The resulting kernel when we use manifold regularization with parameter \(\mu \) set to 0.02 and 0.2.

8 Discussion and Conclusion

This paper analysed improvements in terms of sample or Rademacher complexity for a certain class of SSL. The performance of such methods depends both on how the approximation error of the class \(\mathcal {F}\) compares to that of \(\mathcal {F}^{\psi }_{\tau }\) and on the reduction of complexity by switching from the first to the latter. In our analysis we discussed the second part. The first part depends on a notion the literature often refers to as a semi-supervised assumption. This assumption basically states that we can learn with \(\mathcal {F}^{\psi }_{\tau }\) as good as with \(\mathcal {F}\). Without prior knowledge, it is unclear whether one can test efficiently if the assumption is true or not. Or is it possible to treat just this as a model selection problem? The only two works we know that provide some analysis in this direction are [3], which discusses the sample consumption to test the so-called cluster assumption, and [2], which analyzes the overhead of cross-validating the hyper-parameter coming from their proposed semi-supervised approach.

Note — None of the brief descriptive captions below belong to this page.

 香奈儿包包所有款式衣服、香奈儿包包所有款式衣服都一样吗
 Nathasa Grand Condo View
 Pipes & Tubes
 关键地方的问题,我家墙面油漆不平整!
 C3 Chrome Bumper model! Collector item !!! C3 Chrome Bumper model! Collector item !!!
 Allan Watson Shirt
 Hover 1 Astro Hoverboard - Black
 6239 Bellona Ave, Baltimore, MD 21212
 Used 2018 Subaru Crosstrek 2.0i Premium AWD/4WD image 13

As some of our settings need restrictions, it is natural to ask whether we can extend the results. First, Lemma 1 restricts us to convex optimization problems. If that assumption would be unnecessary, one may get interesting extensions. Neural networks, for example, are typically not convex in their function space and we cannot guarantee the fast learning rate from Theorem 2. But maybe there are semi-supervised methods that turn this space convex, and thus could achieve fast rates. In Theorem 2 we have to restrict the loss to be the square loss, and [1, Example 21.16] shows that for the absolute loss one cannot achieve such a result. But whether Theorem 2 holds for the hinge loss, which is a typical choice in classification, is unknown to us. We speculate that this is indeed true, as at least the related classification tasks, that use the 0–1 loss, cannot achieve a rate faster than \(\frac{1}{\epsilon }\) [19, Theorem 6.8].

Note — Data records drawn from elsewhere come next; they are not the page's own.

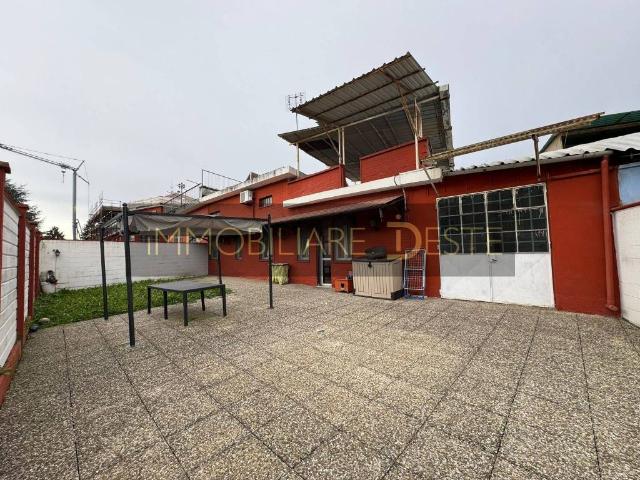 Villa Indipendente in vendita a Borgo Melano, Piemonte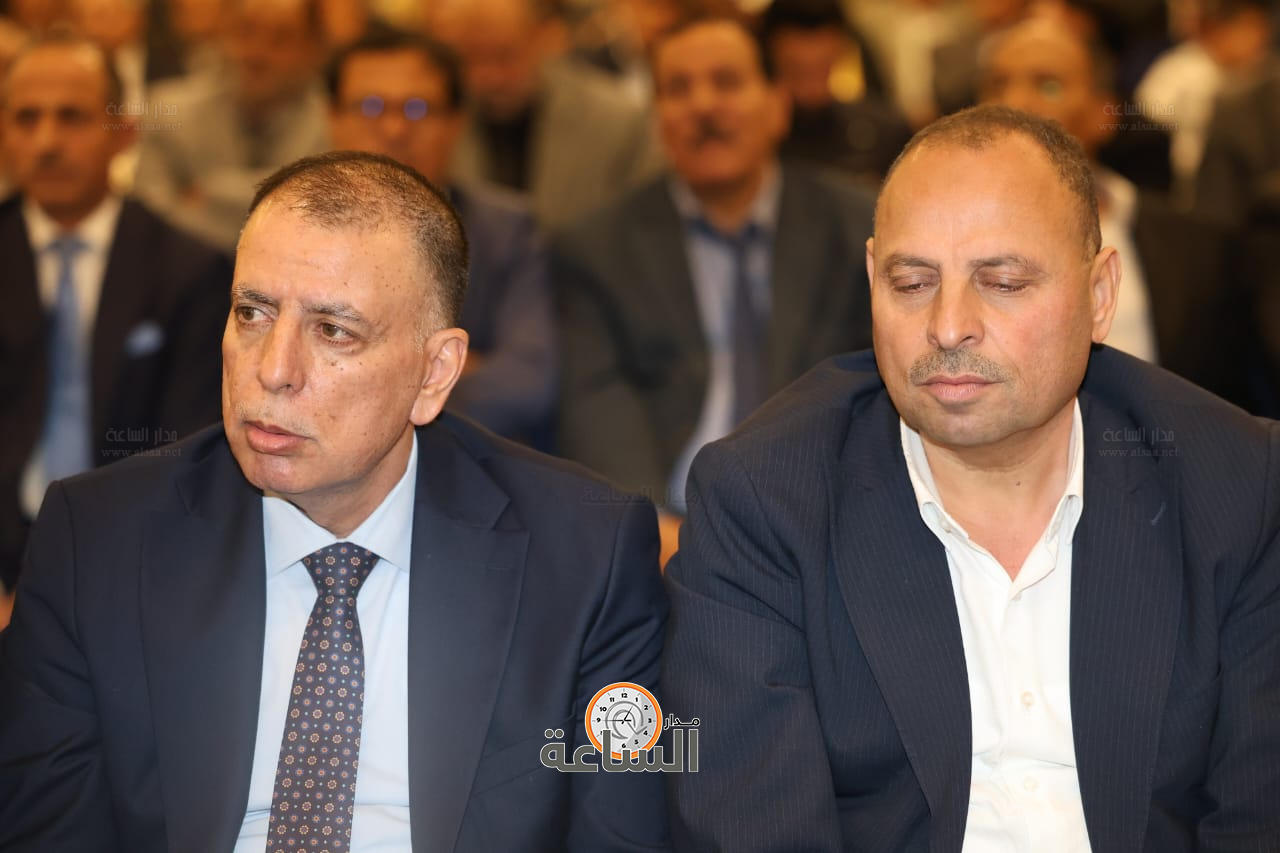 Madar Al-Saa Images 0.9050039583622791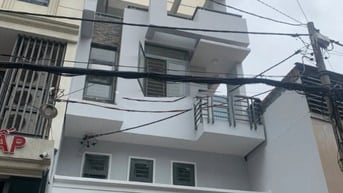 Nhà tiện kinh doanh đường LÝ CHÍNH THẮNG , Q3. DT 42m2. GIÁ 2tỷ5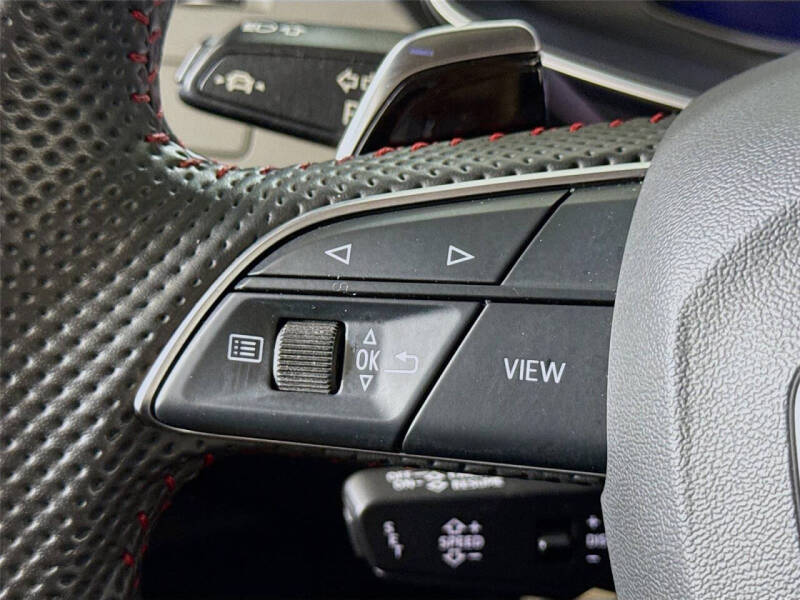 2020 Audi RS Q8 4.0T quattro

Corollary 2 sketches a scenario in which sample complexity improvements of MR can be at most a constant over their supervised counterparts. This may sound like a negative result, as other methods with similar assumptions can achieve exponentially fast learning rates [16, Chapter 6]. But constant improvement can still have significant effects, if this constant can be arbitrarily large. If we set the regularization parameter \(\mu \) in the concentric circles example high enough, the only possible classification functions will be the one that classifies each circle uniformly to one class. At the same time the pseudo-dimension of the supervised model can be arbitrarily high, and thus also the constant in Corollary 2. In conclusion, one should realize the significant influence constant factors in finite sample settings can have.